If you're interested in something, you would go and try to find out as much information on it. Your average mainstream consumer will not be paying $399-$499 for a gaming console. Somebody that doesn't game and just want entertainment apps/tv is not going to pay $499 for an xbox one. If the mainstream consumer is such a big factor in deciding the sucess of the Xbox One at launch, Microsoft wouldn't have backpeddled on the drm policies, cause the hardcore doing the raging would not matter.

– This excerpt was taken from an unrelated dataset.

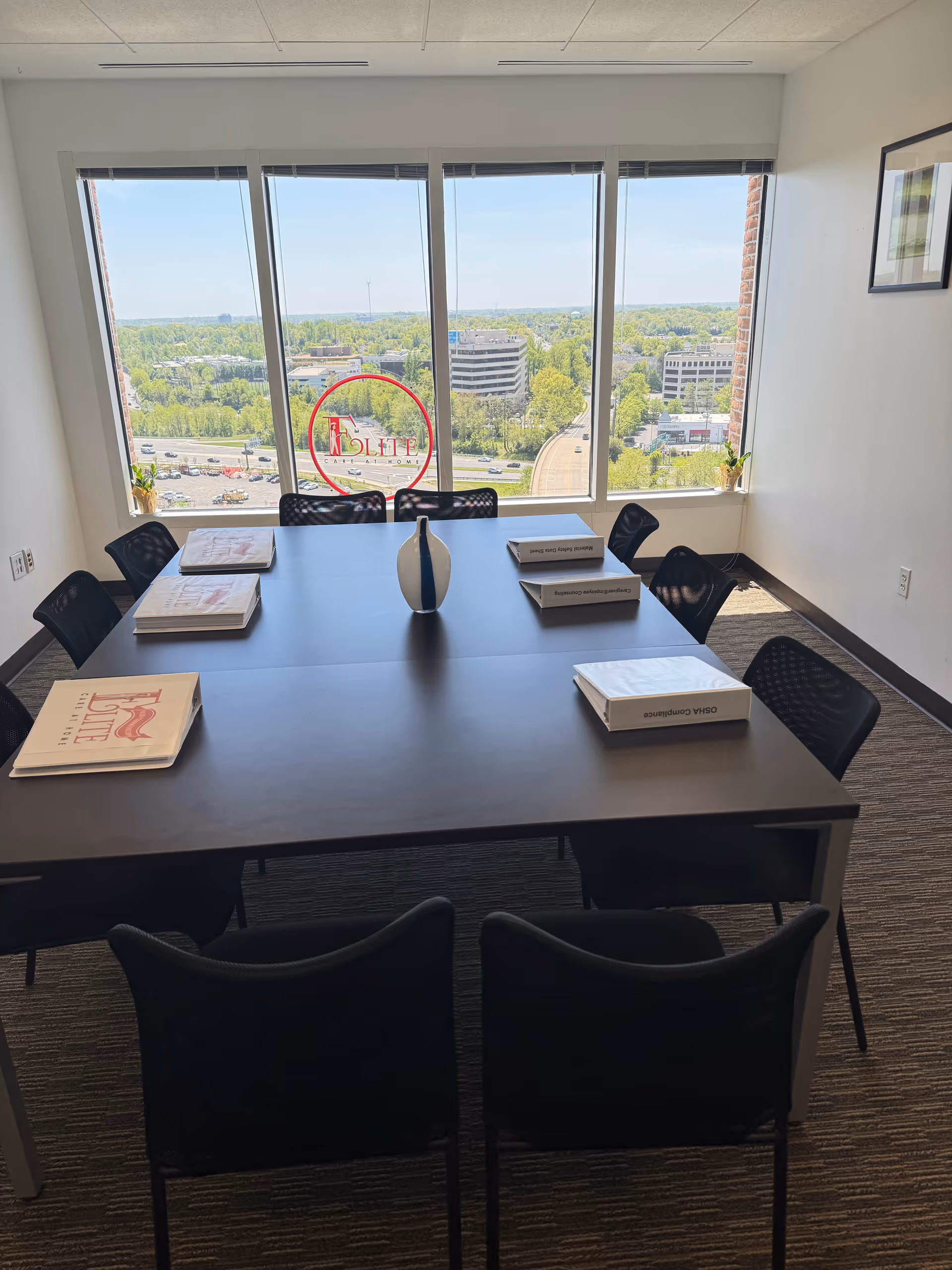 Conference room with large table, black chairs, and Elite logo on windows overlooking cityscape.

Totally disagree. There are plenty of mainstream consumers who will be buying both of these units for the holidays. It's not as if they're $800. Removing DRM was to placate everyone, most especially people who buy used games for their kids or anyone who trades in games in general or sells them secondhand. It wasn't just a move made to please the hardcore. Those "mainstream" buyers may not care
now, because they're months away from having to make an informed buying decision, but you can believe MS knew they would be hammered by the general public as well as the hardcore gamers by the time these consoles came to market in the fall with the DRM policy still in place on the XB1. Just because the general public doesn't really care at the moment (and why would they need to?) doesn't mean it wouldn't have been a factor when the average consumer starts paying attention to which unit they're going to buy for themselves or their kids for Christmas.
As far as Kinect goes, MS seems to want the Kinect as a guide for the infrastructure of the system itself -- turning it on, going through menus, etc. Less as a gaming function (perhaps -- we'll see). Now, I may not like it, and I'd rather see it dropped and have the system be $100 less like everyone else, but MS must feel the only way to get people to use it is to mandate it. More over, that extra $100 isn't -- IMO -- going to end up being that huge of a deal for MS. They have an edge with Xbox Live, they've got an online network that has a lot of players who are going to stick with it, they have exclusives that sell in the U.S., and they feel -- rightly or wrongly -- that they can afford the additional $100, even with Sony being out there at a lesser price point.
But if it doesn't work, they'll make adjustments. Like anything else, they can change course if they need to, if Sony truly ends up outselling them this holiday season. Either way, this winter will a battle, but it's not going to win either side the war so to speak, no matter how much fanboy hyperbole is stoked up on message boards.